Recent warming throughout the Arctic has resulted in significant decreases in sea ice extent, thickness and duration (Fig. A) leading to warmer land temperatures that further facilitate permafrost melting. The combined loss of sea ice and permafrost are likely causing increased erosion and sediment delivery to the coast that will have long-term impacts on coastal geomorphology and estuarine ecosystems. Determining the character and magnitude of warming induced changes to Arctic coastal environments is critically important given that they are vital spawning and nursery grounds for fish harvested offshore, and nearshore fisheries that sustain coastal communities. The Alaskan Bering Sea coast supports some of the highest concentrations of indigenous populations with a subsistence lifestyle dependent on the high productivity of the coastal habitats. However, we lack a fundamental understanding of how sea ice and permafrost variability influences coastal landforms that play an essential role in controlling estuarine processes, like protective barriers and bay-head deltas.

The key question driving our research here is: How will Arctic coastal landforms and estuaries change as a result of potentially dramatic reductions in sea ice and permafrost?
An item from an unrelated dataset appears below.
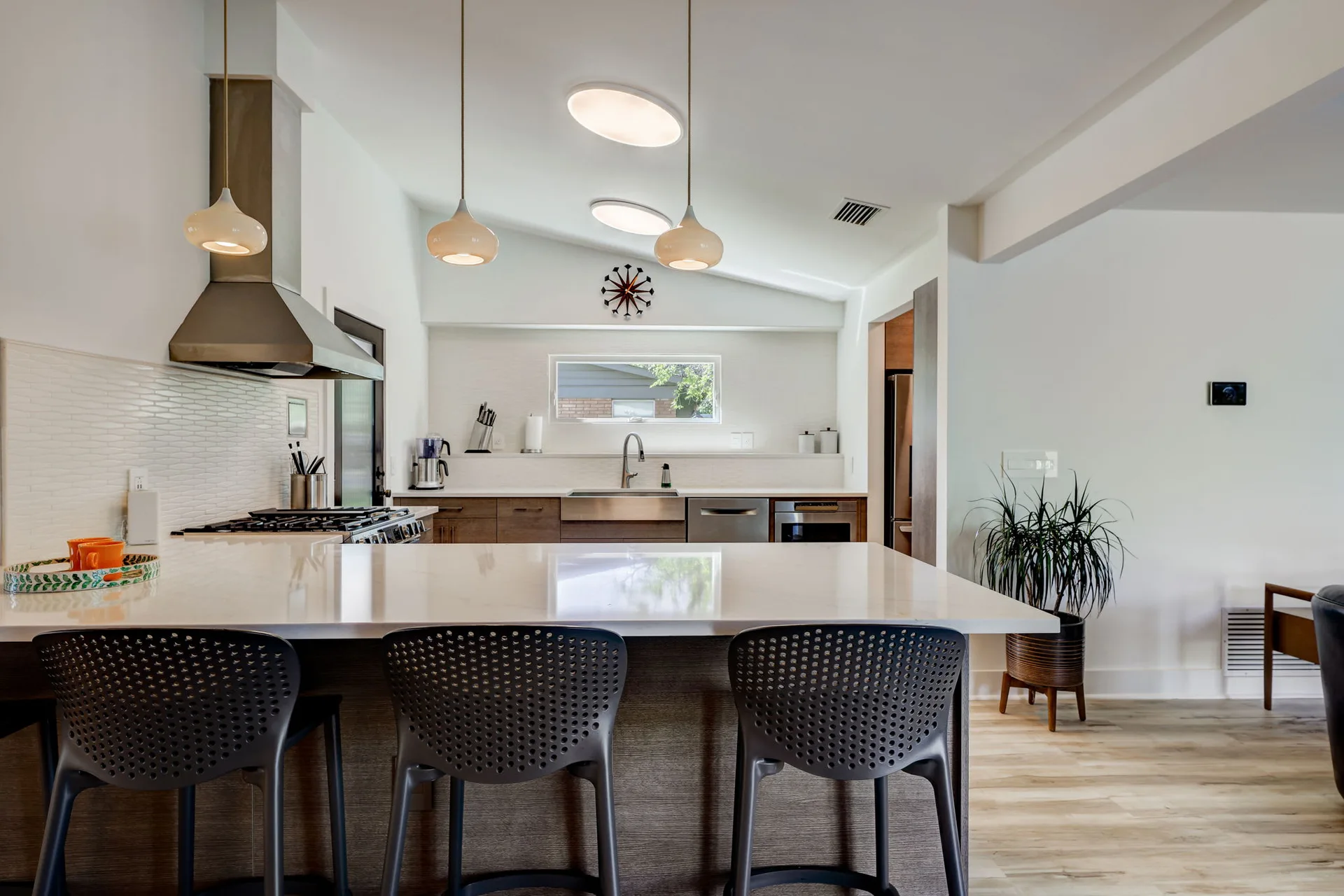 Stunning modern mid-century rebuilt home in the sought-after Delwood Heights near Mueller! photo 28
In order to address this question we must examine past coastal responses to climate variability by using detailed paleoenvironmental and paleoclimatic reconstructions that span the last 5000 years. Further, we apply both geomorphic and climate models to help interpret the paleo-data and project potential future changes to coastal systems under a variety of climate scenarios.

High Latitude Figure

a) Total maximum (green) and minimum (blue) ice extent from 1870 to 2003 with thick lines highlighting low-frequency trends. Vertical dashed lines highlight fundamental changes in the data: 1870-1952 (low resolution data); 1953-1971 (general hemispheric observations); and 1972-2003 (satellite period) (from Kinnard et al., 2008). b) Simulated time series of global permafrost area, grey shading refers to the ensemble spread (from Lawrence and Slater, 2005). c) The probability of ice edge occurrence for (A) maximum and (B) minimum ice extent from 1870-2003. Grey areas define 100% chance of ice present (from Kinnard et al., 2008).